Both presidential candidates should denounce these kinds of tactics. Dishonest efforts to suppress minority votes sully democracy in America and must be stopped. …
Plenty of blame
The Des Moines (Iowa) Register, Aug. 26
There’s plenty of blame to go around when it comes to the abuses against Iraqi prisoners in Abu Ghraib … . The Pentagon-appointed commission that reviewed the abuse found the soldiers themselves responsible … . Yet it was higher-ups who created conditions in Iraq that cultivated abuse.
So while seven soldiers face criminal charges, Secretary of Defense Donald Rumsfeld and other top officials should also have to face the consequences of their mistakes… Rumsfeld should resign.

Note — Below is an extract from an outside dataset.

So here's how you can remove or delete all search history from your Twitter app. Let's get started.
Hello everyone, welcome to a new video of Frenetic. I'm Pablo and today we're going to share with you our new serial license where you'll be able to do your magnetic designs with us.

The commission’s report was another reminder of how many mistakes Rumsfeld has made in this war. The panel found too few American troops were deployed for the invasion, a failure to anticipate the level of resistance by insurgents and a lack of planning for a postwar occupation all failures of Rumsfeld’s leadership…
The father of one soldier involved in the abuse said his son was trained as a truck mechanic, not a prison guard.

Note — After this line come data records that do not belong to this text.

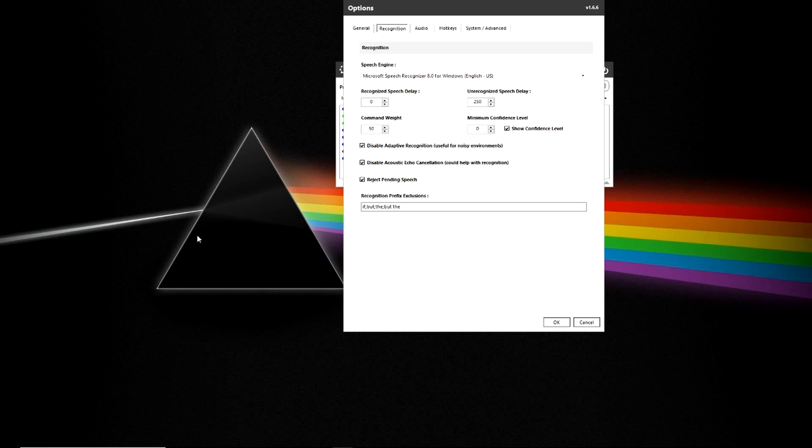In the next tab you have Recognition. You're able to change the speech recognition engine to the region that you're in. You can also add some delays and weight and confidence to your command and disable certain features that make it easier for VoiceAttack to understand you depending on the environment that you're working in.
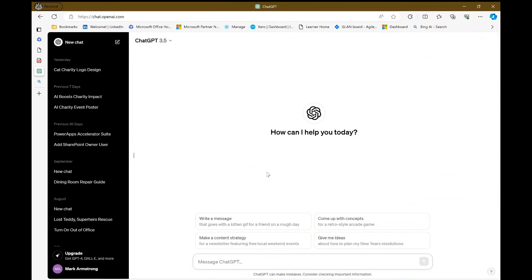The second quick tip that I want to show you around how you can be utilizing Copilot today involves a rather well-known AI engine that we've got at the moment, and that's ChatGPT. And I'm using this in conjunction with Bing Image Creator to create a logo for my business.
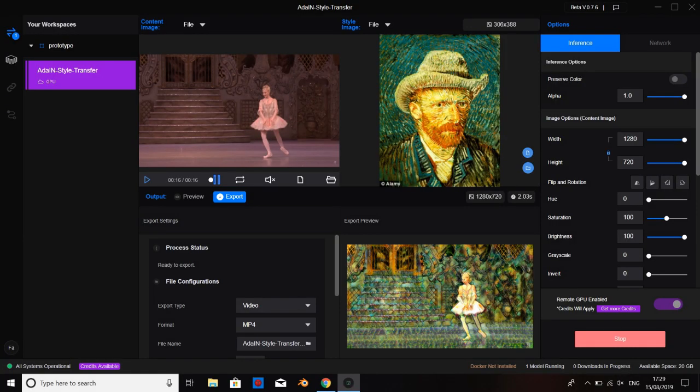Here is another example. Hope you will enjoy prototyping this week. I'll see you next time.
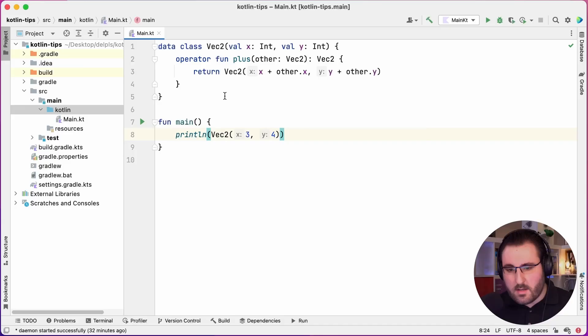Hi everyone, welcome to Cartland Tips. My name is Seb, and today we are looking at how we can make operator functions work well with nullable values.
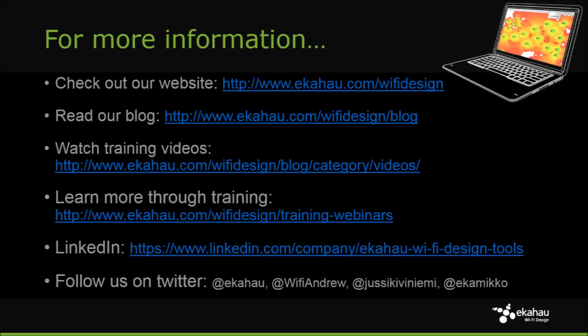For more information on Ekahau WiFi tools, please visit our website, read our blog, find our training resources, and follow us on LinkedIn and Twitter. Thank you, and we hope you enjoy our WiFi tools.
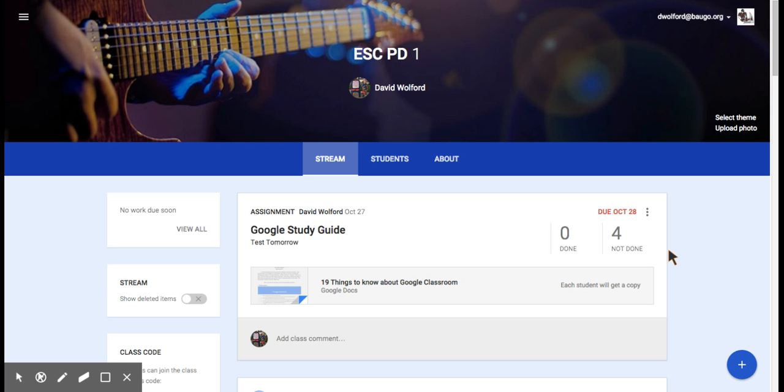This is important because this is a question that has been asked a lot, not only in the Google Guru, but in many different places on Google Plus as well.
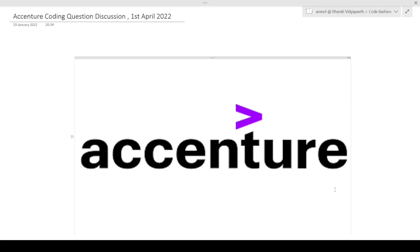Hi guys, welcome to CodeBatchers. In this video I will be discussing the coding questions which are asked in the Accenture hiring. Do not skip any part of this video and make sure to watch it to the end.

But that truck driver became responsible for thousands of prisoners who, according to the report, consisted of “any and all suspicious-looking persons.” The “indiscriminate approach” of rounding up prisoners “resulted in a flood’ of detainees at Abu Ghraib that inundated, demoralized and fatigued interrogators.” …
Rumsfeld’s mistakes … have cost lives. The mistakes have ruined other lives, including those of the soldiers who would not have committed abuse if they had been properly trained and supervised.

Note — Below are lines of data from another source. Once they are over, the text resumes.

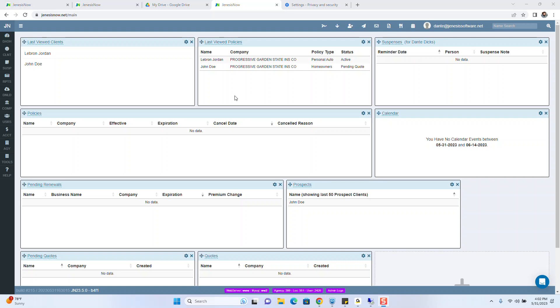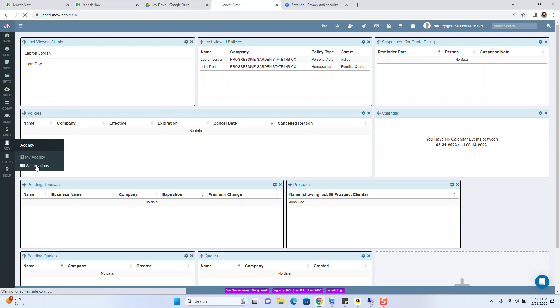So the first thing you need to do is to actually turn the time clock on to make it active by going to agency and clicking all locations.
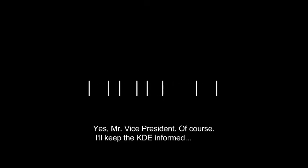Yes, Mr. Vice President. Of course. I'll keep the KDE informed.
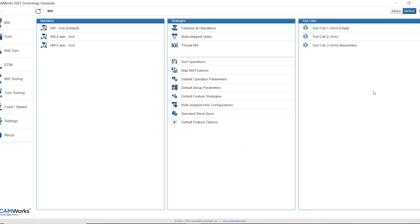In today's tech tip video I'll be showing you how to create a new tool crib or subset of tools inside CAMworks and SOLIDWORKS CAM.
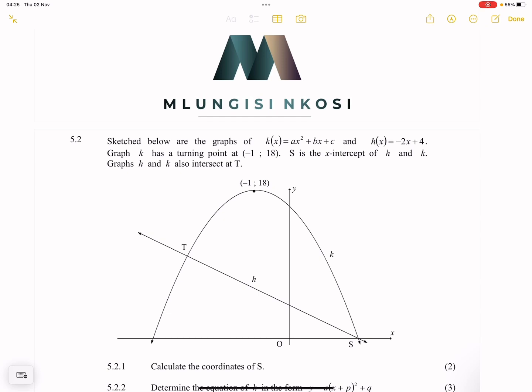We are going to look at this question on graphs, on functions. They say sketched below are the graphs of K of X, which is AX squared plus BX plus C, and H of X, which is minus 2X plus 4. The graph K has a turning point at negative 1 and 18, and S is the intercept of H and K, and the two graphs also intersect at T.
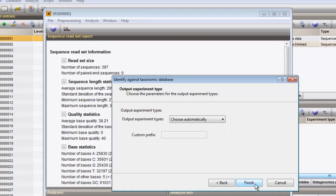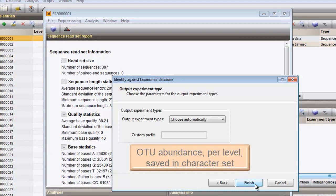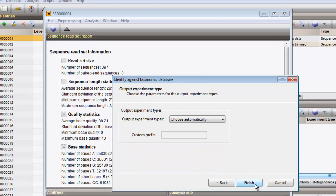The results of the identification are OTU abundances for each of the phylogenetic levels. These data will be saved to the bio-numerics database as character sets. One character experiment will be created for each phylogenetic level included in the analysis, and within one experiment, each character will represent one OTU at that phylogenetic level. With the default option, we let the software automatically decide to which character experiment the data should be saved to. I can press Finish now to start the analysis.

It’s time for Rumsfeld to finally take responsibility. …
Peace falls from priority list
The Cincinnati Post, Aug. 27
In 2002, President Bush laid down a “road map for peace” between Israel and the Palestinians. That road map, to which Israel agreed, called flatly for Israelis to immediately freeze all settlement activity on the occupied West Bank.
The Israeli-Palestinian problem seems to have dropped far down the list of White House priorities. Perhaps that’s why, over the last two weeks, the government of Israeli Prime Minister Ariel Sharon announced plans to build more than 2,000 new housing units on the West Bank.
This is a clear and perhaps fatal abrogation of Bush’s road map. And the administration’s response? To waffle. …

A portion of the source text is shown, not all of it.